Dans son premier roman prometteur, Ce que je sais de toi, Éric Chacour fait revivre le Caire vibrant et cosmopolite qu’ont connu ses parents : celui du Sporting Club, les mélodies de Mohamed Mounir, les chansons de Dalida et Demis Roussos, les senteurs de cumin, coriandre, oignons frits, déchets brûlés, haricots épicés et jasmin… C’est aussi l’histoire des Chawam, communauté levantine chrétienne et francophile, étrangère à l’Egypte, façonnée par les ambitions nassériennes de reconquête de l’identité arabe, et par la montée en puissance de L’Islamisme un peu plus tard. Sans tomber dans un roman historique ou sociologique, le romancier utilise le déclin de cette communauté comme toile de fond pour illustrer la chute de son personnage principal, Tarek Seidah.
Fidèle à une promesse d’enfance faite avant de comprendre qu’« il faut se méfier des questions simples », Tarek suit les traces de son père, devient un brillant médecin, se marie et incarne ainsi le parfait modèle de réussite, sans jamais renoncer à remettre en question son parcours. . Sa vie bascule le jour où il prend enfin une décision et ouvre un dispensaire dans le quartier défavorisé de Mokattam.
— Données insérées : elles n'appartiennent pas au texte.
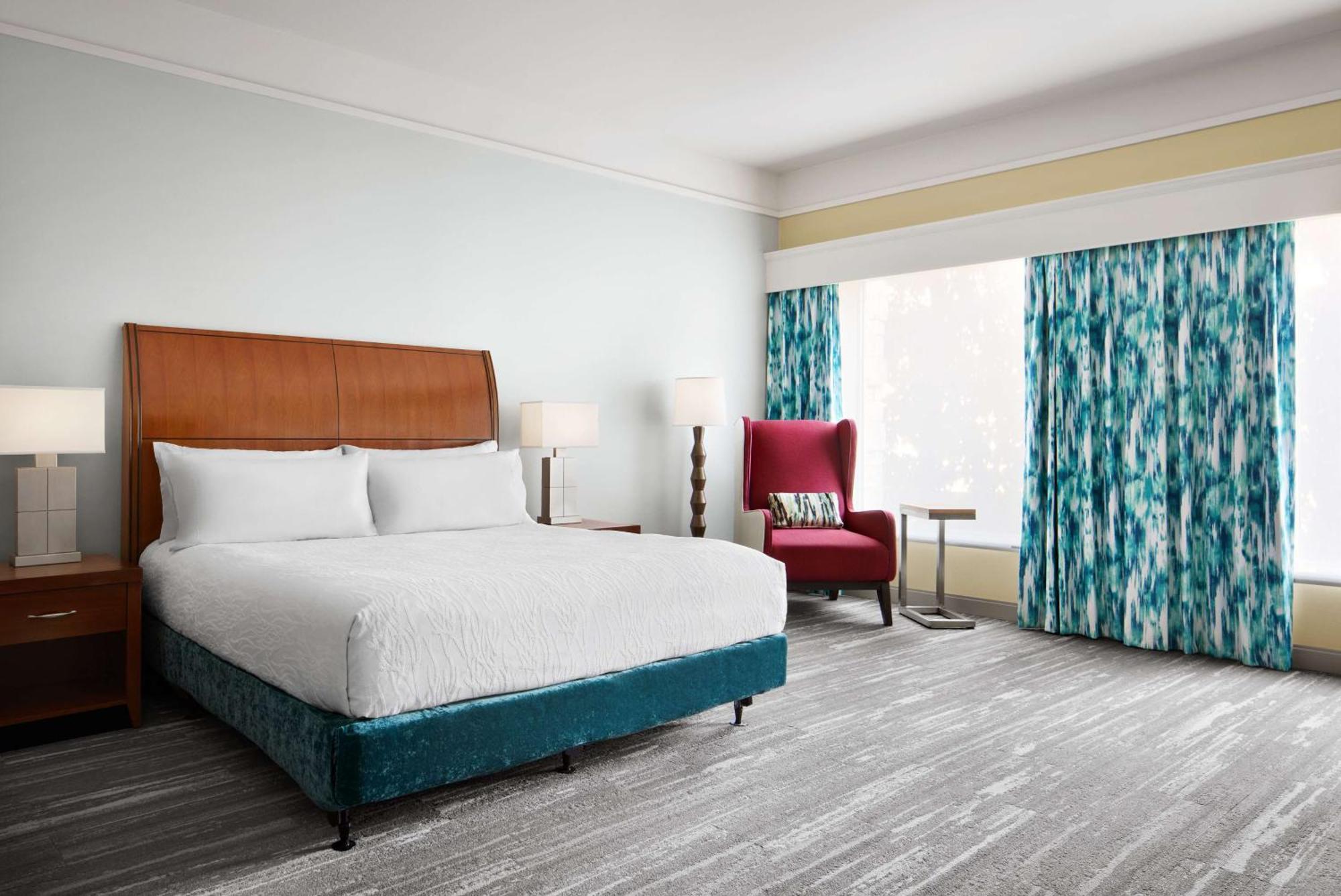 Hilton Garden Inn Dallas ריצרדסון מראה חיצוני תמונה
C’est là qu’il rencontre Ali, « un mauvais garçon », dans lequel il découvre bientôt son alter ego, l’incarnation de ce qu’il aurait pu être sans les contraintes et le poids des responsabilités sociales : « Ali te fascinait. Il y avait en lui une liberté absolue, une absence de calcul, une exaltation du présent. Il n’était lié par aucun passé et ne voyait pas l’avenir à travers les mêmes contraintes que vous. »
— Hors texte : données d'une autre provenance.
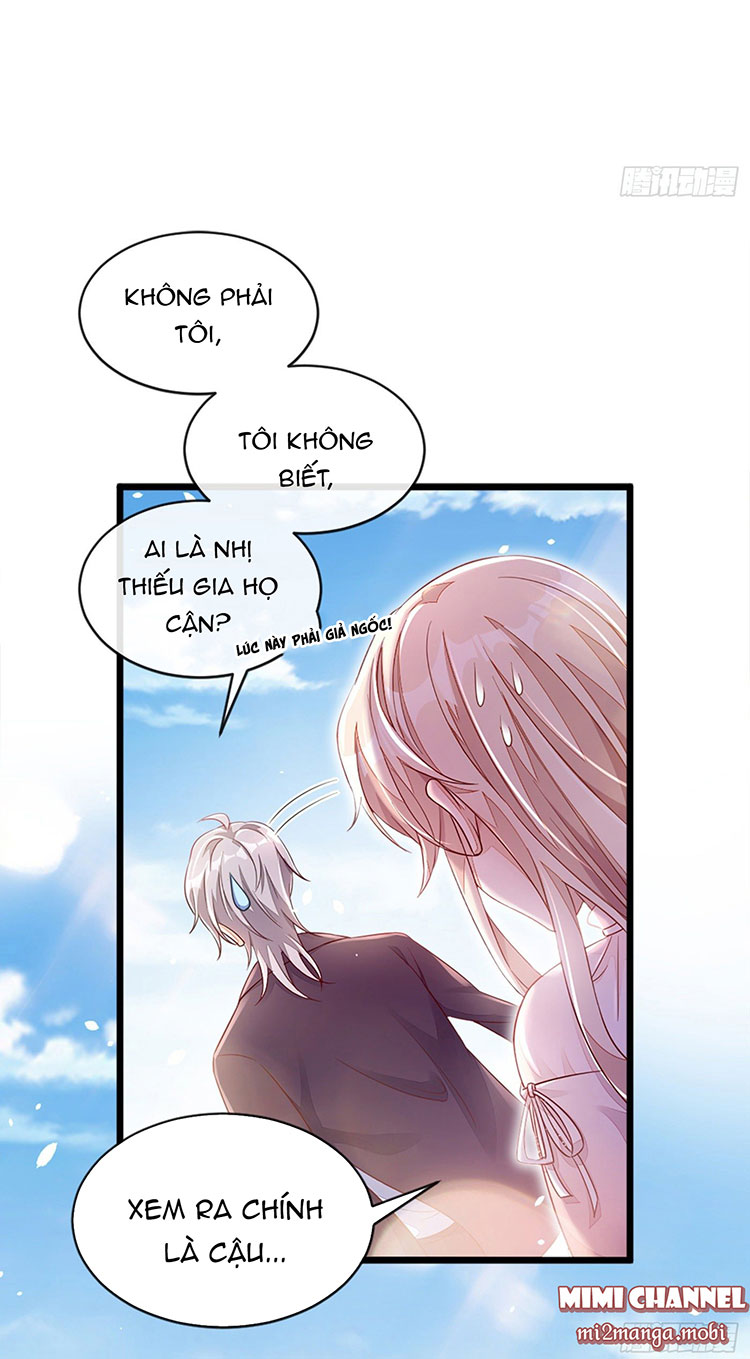 Lời Thì Thầm Của Ác Ma: Chapter 3.2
Tarek et Ali se rapprochent après un baiser innocent qui révèle au médecin une partie de lui-même qu’il avait sans doute refoulée. Dès lors, naît une relation complexe entre ces deux êtres que tout sépare (âge, religion, milieu social, éducation, etc.) et qui n’ont en commun que le simple fait d’être des hommes. Un trait qui finit par les condamner, car le Caire des années 1980 n’est pas un terrain fertile pour une relation homosexuelle, encore moins pour un homme marié !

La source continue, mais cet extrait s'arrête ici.